::: Given records

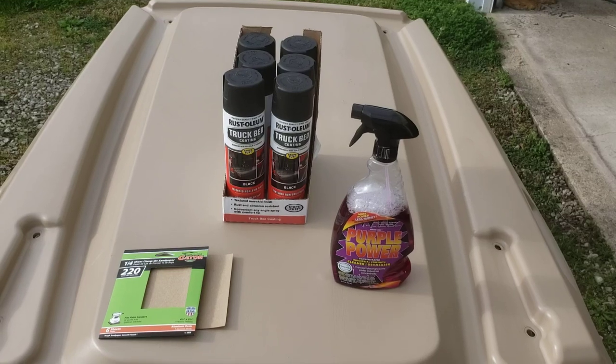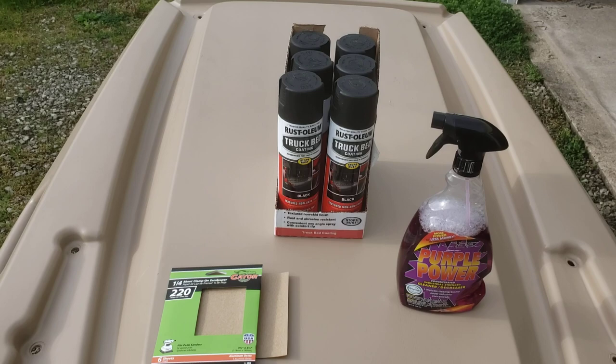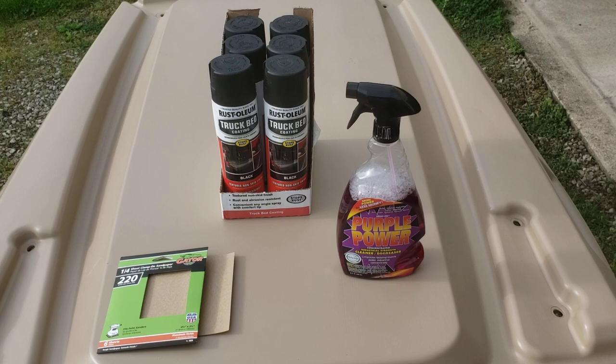Today I'm going to paint my roof on my golf cart. I have six cans of Rust-Oleum truck bed coating, a bottle of Purple Power as a degreaser, and some 220 grit sandpaper for the scuffing. Let's see how this works out.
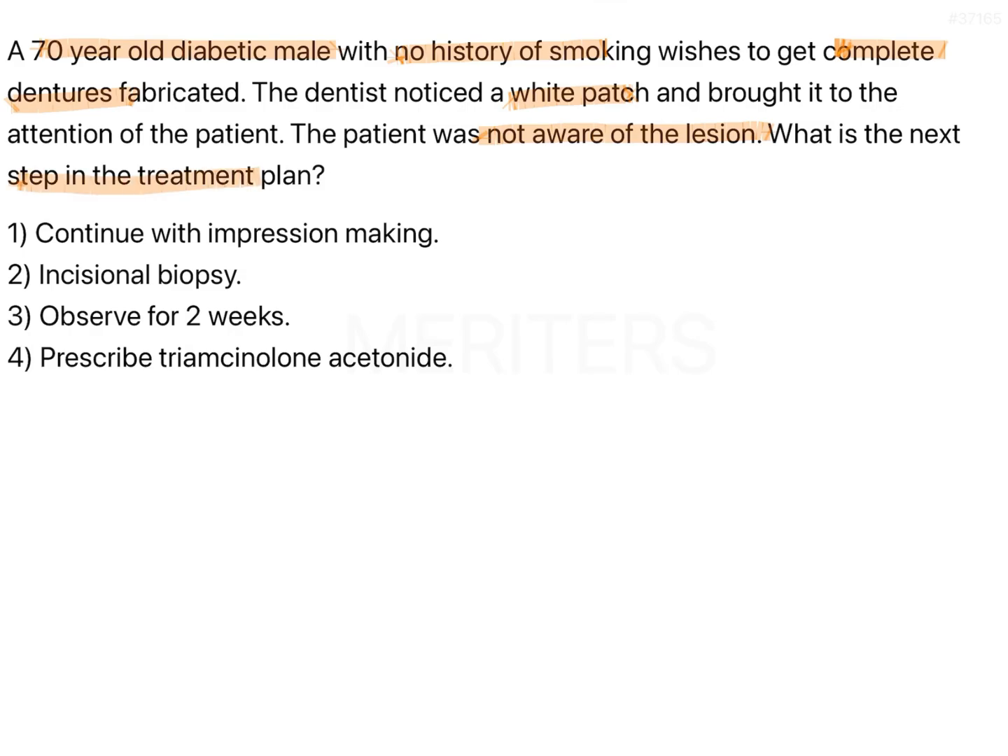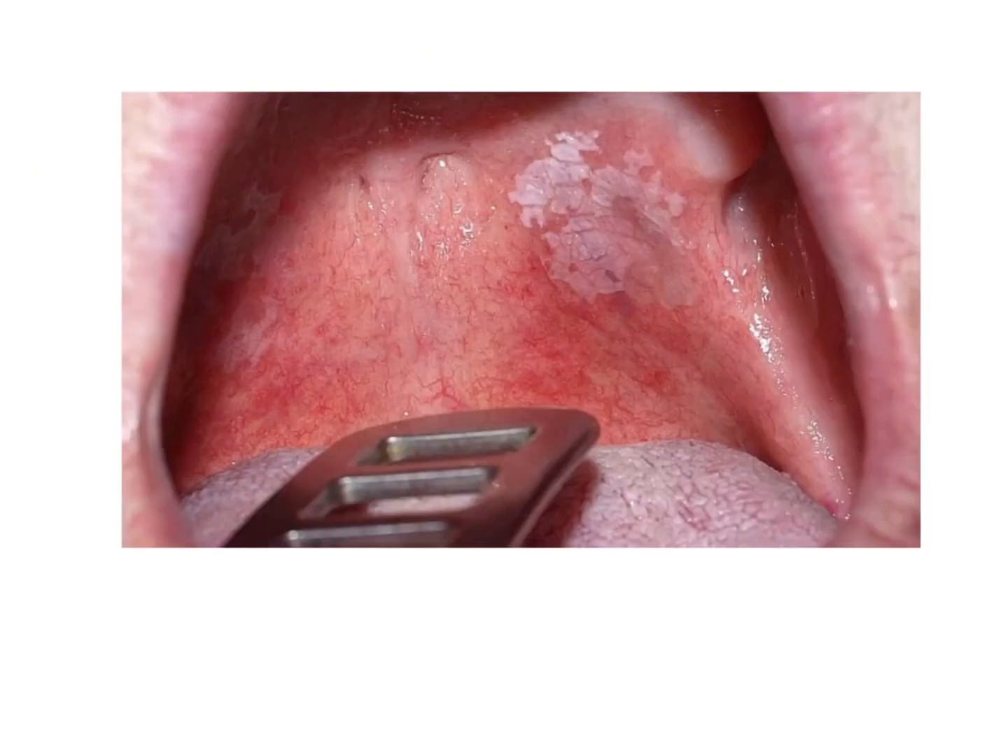The patient is asymptomatic, diabetic, and has a white patch. It could be a pre-malignant lesion, or it could be inflammatory or infectious in origin. It is not very clear from the history. Consider that this kind of patch is present — whether it is scrappable or not is not mentioned, but consider that it was not scrappable, otherwise it would have been mentioned.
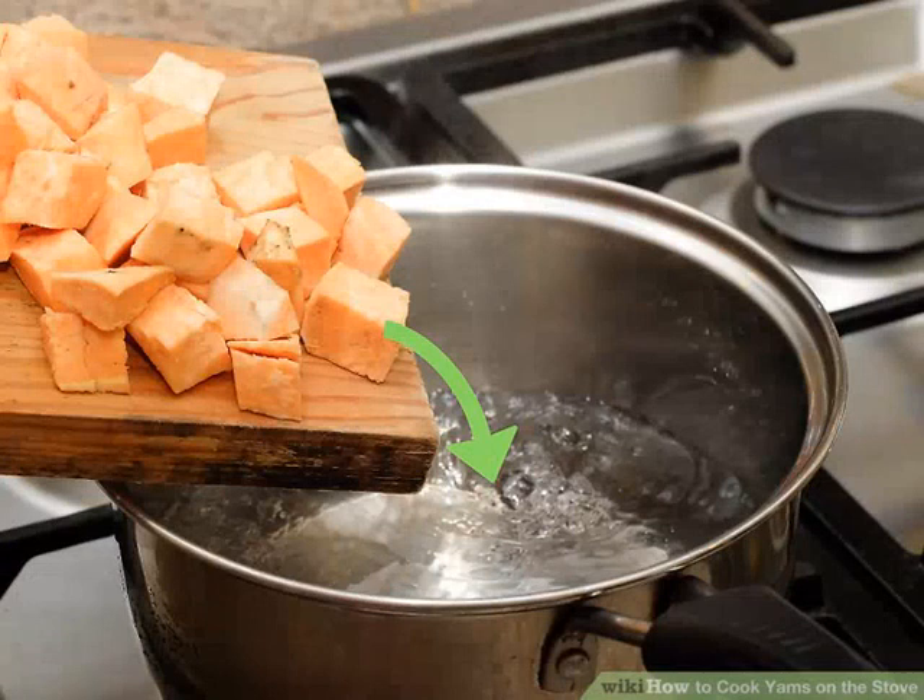Add the yams and cover the pot. Once the water is boiling, drop the yam cubes into the pot and place the lid on to cover it.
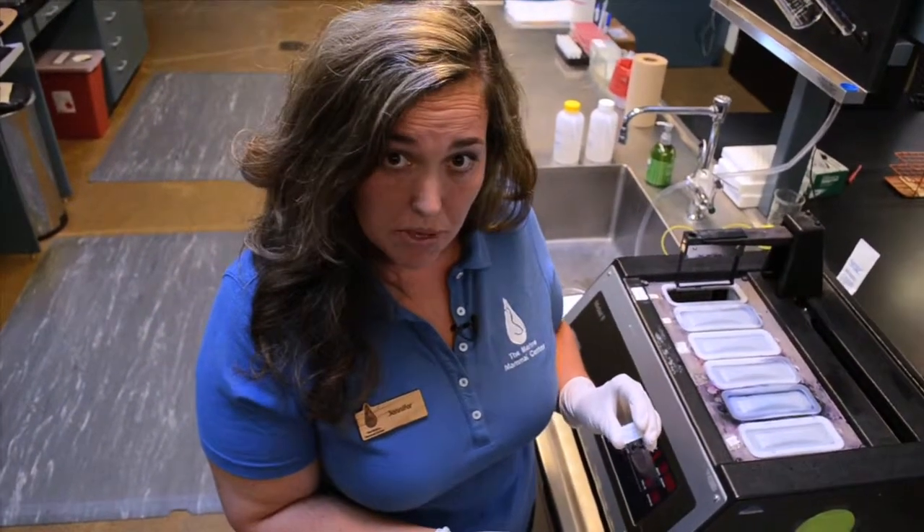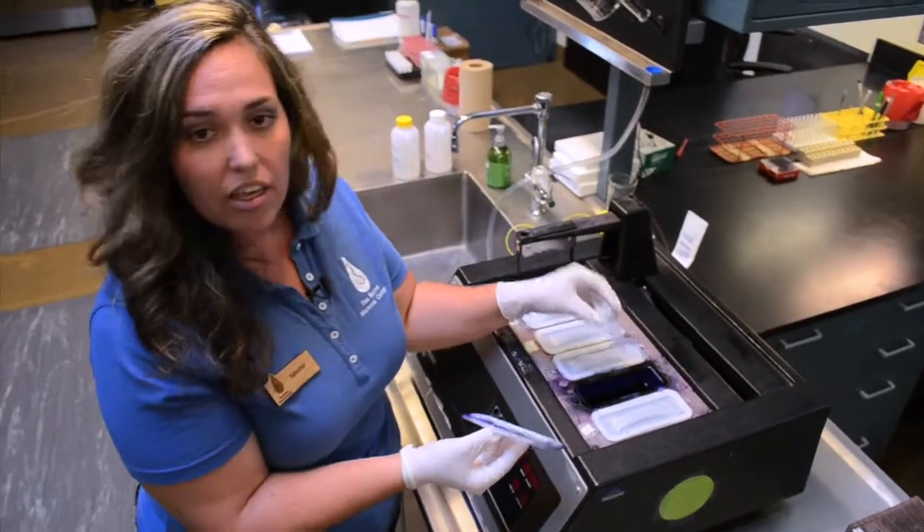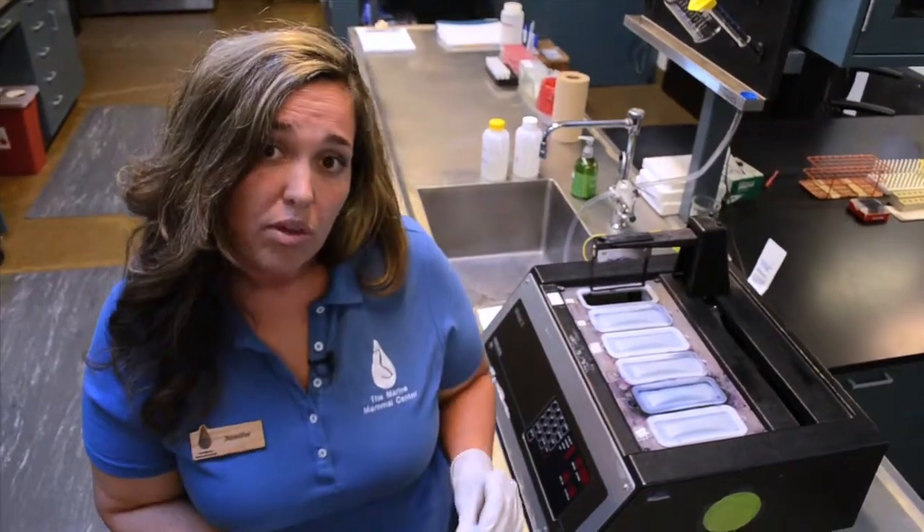Once we've prepared our slide with our smear, we're going to go ahead and stain it. That's done simply by putting it into some ink and preparing it through this process so that we can review it underneath the microscope.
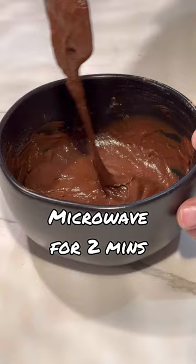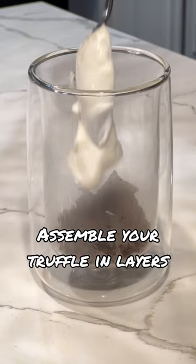Take a cup of plain Greek yogurt, add two tablespoons of vanilla, and mix that together. Now we're going to assemble the truffle — finish it off by adding zero sugar chocolate syrup, and boom, there you have it.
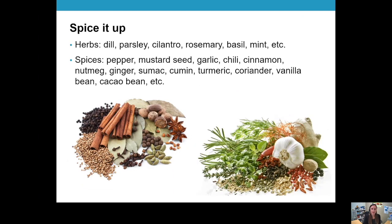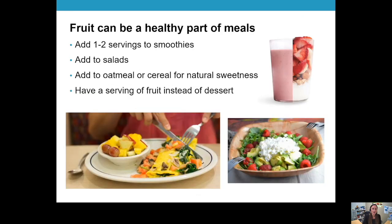Get those healthy fats in. Definitely spice up your meals — herbs and spices are very healthy and support our immune system, adding a lot of flavor without going heavily on the salt. Herbs include dill, parsley, cilantro, and rosemary — all with wonderful effects on the body. Spices include garlic, chili, cinnamon, and even vanilla and chocolate. Enjoy these and make them part of your meal.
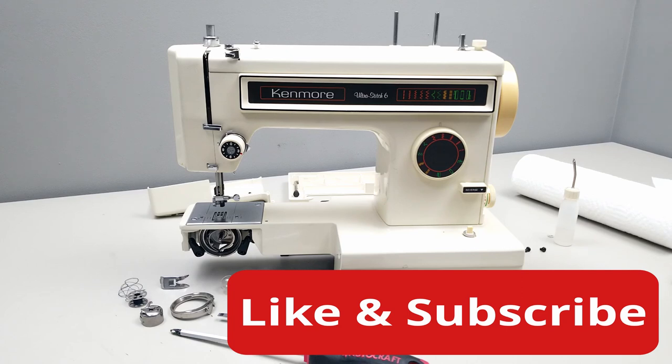I'll be doing an oiling video — if you want to check that out, it's on the 158 series playlist I'm putting together. Thanks for watching.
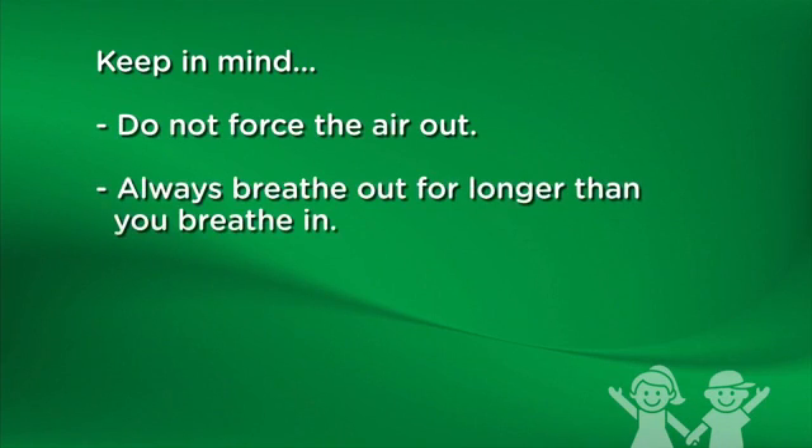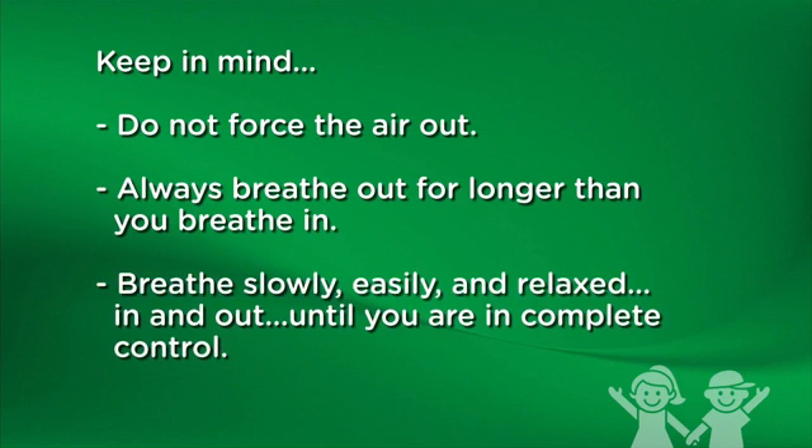With regular practice, pursed lip breathing will seem natural to you. Keep in mind: do not force the air out. Always breathe out for longer than you breathe in. Breathe slowly, easily, and relaxed — in and out — until you are in complete control.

::::::

The expected output is the lines above from the one containing "Once we've prepared" to the one containing "Get those healthy", both ends included, reproduced exactly with every picture left out.

Once we've prepared our slide with our smear, we're going to go ahead and stain it. That's done simply by putting it into some ink and preparing it through this process so that we can review it underneath the microscope.
Take a cup of plain Greek yogurt, add two tablespoons of vanilla, and mix that together. Now we're going to assemble the truffle — finish it off by adding zero sugar chocolate syrup, and boom, there you have it.
Get those healthy fats in. Definitely spice up your meals — herbs and spices are very healthy and support our immune system, adding a lot of flavor without going heavily on the salt. Herbs include dill, parsley, cilantro, and rosemary — all with wonderful effects on the body. Spices include garlic, chili, cinnamon, and even vanilla and chocolate. Enjoy these and make them part of your meal.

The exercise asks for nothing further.